20 Multifactor RSM Tutorial

Left-Click the red bar with your mouse and drag it to the right.

As indicated by the color key on the left, the surface becomes hot at higher response levels,

yellow in the 80s, and red above 90 for conversion.

Explore coordinates on the graph using a crosshairs tool: To enable a handy tool for reading coordinates off

contour plots, go to View, Show Crosshairs Window. Now move your mouse over the contour plot and notice that

Design-Expert generates the predicted response for specific factor values corresponding to that point. If you place the

crosshair over an actual point, for example the one at the far upper left corner of the graph now on screen, you also see

that observed value (in this case: 66).

P.S. See what happens when you press the Full option for crosshairs.

Now press the Default button on the floating Factors Tool to place factor C back at its

midpoint.

Explore Sheet View on Factors Tool: Switch to Sheet View on the Factors Tool by clicking the Sheet button.

In the columns labeled Axis and Value you can change the axes settings or type in specific values for factors. Give this a

try. Then return to the Gauges view and press the Default button.

P.S. At the bottom of the Factors Tool is a pull-down list from which you can also select the factors to plot. Only the

terms that are in the model are included in this list. At this point in the tutorial this should be set at AB. If you select a

single factor (such as A) the graph changes to a One-Factor Plot. Try this if you like, but notice how Design-Expert

warns if you plot a main effect thats involved in an interaction.

Perturbation Plot

Wouldnt it be handy to see all your factors on one response plot? You can do this with the

perturbation plot, which provides silhouette views of the response surface. The real benefit

of this plot is when selecting axes and constants in contour and 3D plots. See it by mousing

to the Graphs Tool and pressing Perturbation or pull it up via View from the main menu.

For response surface designs, the perturbation plot shows how the response changes as

each factor moves from the chosen reference point, with all other factors held constant at

the reference value. Design-Expert sets the reference point default at the middle of the

design space (the coded zero level of each factor).

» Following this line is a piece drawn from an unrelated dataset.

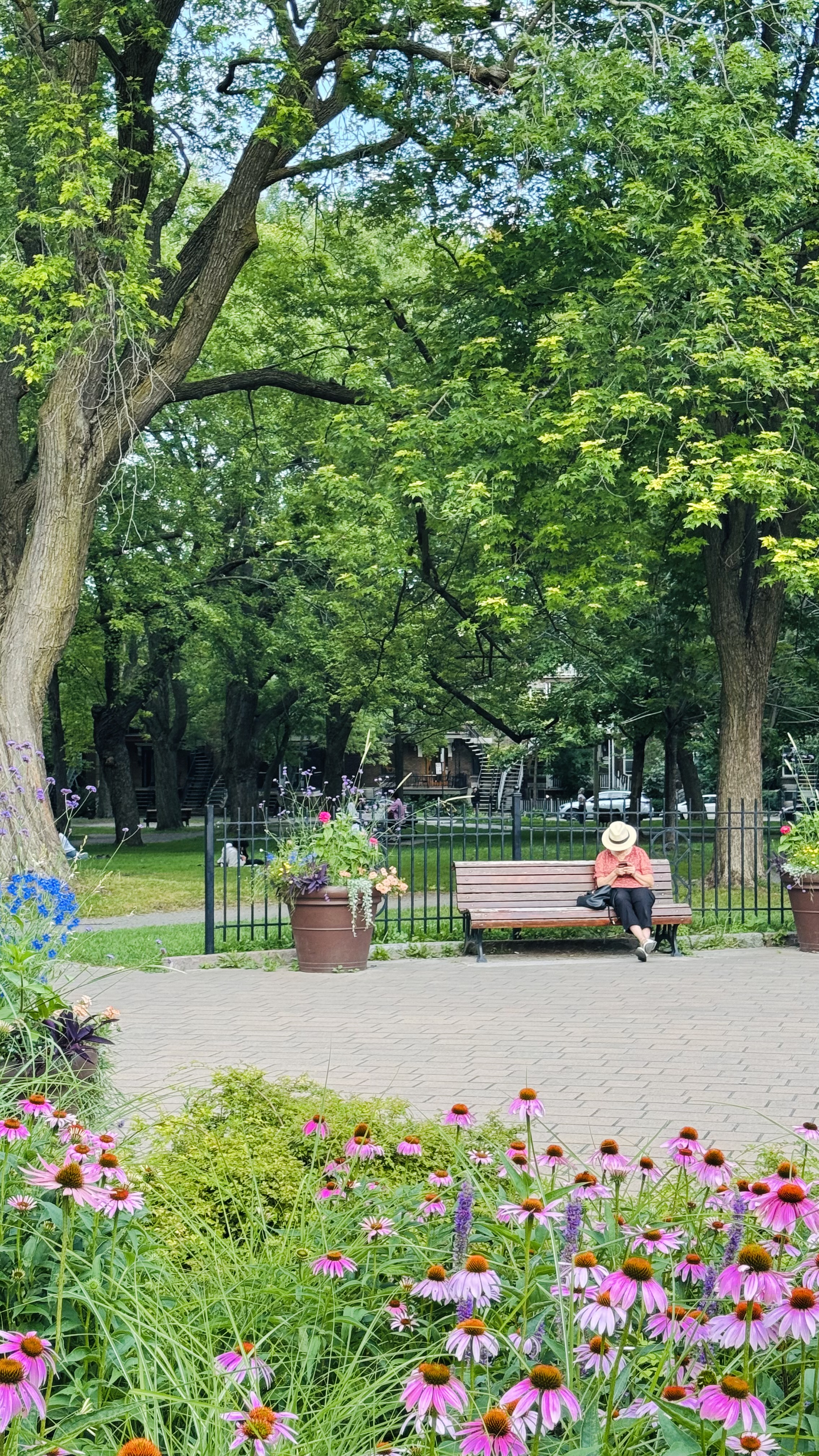 The best public park in Montreal, the Sir Wilfrid Laurier park, where I used to stay close. I go there from time to time.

Click the curve for factor A to see it better. The software highlights it in a different color as

shown above. It also highlights the legend. (You can click it also it is interactive!) In this

case, at the center point, you see that factor A (time) produces a relatively small effect as it

changes from the reference point. Therefore, because you can only plot contours for two

factors at a time, it makes sense to choose B and C and slice on A.

Contour Plot: Revisited

Lets look at the plot of factors B and C. Start by clicking Contour on the floating Graphs

tool. Then in the Factors Tool right click the Catalyst bar and select X1 axis by left

clicking it.

You now see a catalyst versus temperature plot of conversion, with time held as a constant

at its midpoint.

Design-Expert contour plots are highly interactive. For example, right-click up in the hot

spot at the upper middle and select Add Flag.

Adding a flag

Thats enough on the contour plot for now hold off until Part 3 of this tutorial to learn

other tips and tricks on making this graph and others more presentable. Right click and

Delete flag to clean the slate.

3D surface plot

Now to really get a feel for how the response varies as a function of the two factors chosen

for display, select from the floating Graphs Tool the 3D Surface. You then will see threedimensional display of the response surface. If the coordinates encompass actual design

points, these will be displayed. On the Factors Tool move the slide bar for A:time to the

right. This presents a very compelling picture of how the response can be maximized. Right

click at the peak to set a flag.

You can see points below the surface by rotating the plot. Move your mouse over the graph.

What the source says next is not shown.